Gómez intentó avanzar en la comprensión de esta dramaturgia caótica en su siguiente espectáculo, Tómbola Lear, una interpretación de Shakespeare nuevamente apoyada en la versión de Rodrigo García. El autor proponía una relectura de Lear centrándose en el núcleo esencial de la acción: la relación del rey con sus tres hijas y con el bufón. Pero en la versión de Legaleón-L’Alakrán, Lear aparecía como un feriante, y el objeto de la codicia de las hijas, las «chicas malas» (que actuaban como siamesas), era una tómbola. La barraca-tómbola, símbolo del poder, condicionaba el espacio tanto como el registro interpretativo y permitía el desarrollo de secuencias pseudocircenses en las que se rifaba diversos objetos enmarcados, entre ellos, los grabados de Francisco de Goya.

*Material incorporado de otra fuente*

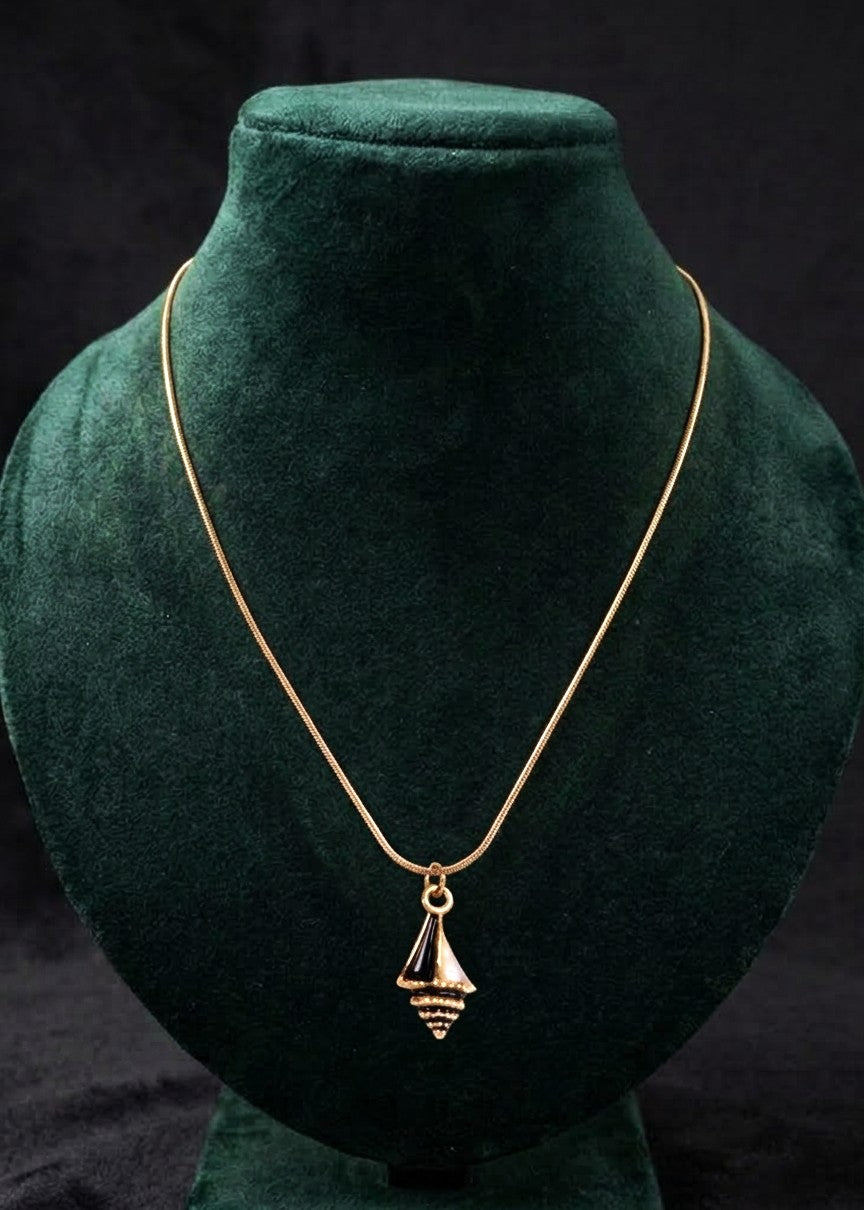 A gold chain necklace with a small geometric pyramid pendant, displayed on a dark green velvet jewelry bust against a black background.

Toda la pieza estaba dominada por el humor, un humor ennegrecido por las referencias a Goya y a la tragedia de Lear, pero un humor que nunca llegaba a ser negro, perverso ni mucho menos cónico. Las tragedias del pasado quedaban suavizadas por la ironóa, por las constantes asociaciones que remitían a la cultura popular o al mundo televisivo, donde las muertes no son realmente muertes ni los hombres realmente hombres. Para compensar esa dosis de ficción, la interpretación de los actores estaba nuevamente marcada por la frontalidad hacia el público y la fisicalidad en sus relaciones. La violencia, no encarnizada, pero violencia al fin y al cabo, contrastaba con el esfuerzo de cada uno de los personajes-personas por relacionarse directamente con el público y transmitirles su autenticidad. El resultado era un extrañamiento, que derivaba de la continua alternancia de humanidad y objetualidad de los personajes, coherente con el extrañamiento de la acción escénica, fruto de la superposición de los diversos referentes artístico-literarios (Shakespeare, Goya, Rodrigo García) con el mundo inmediato de los actores.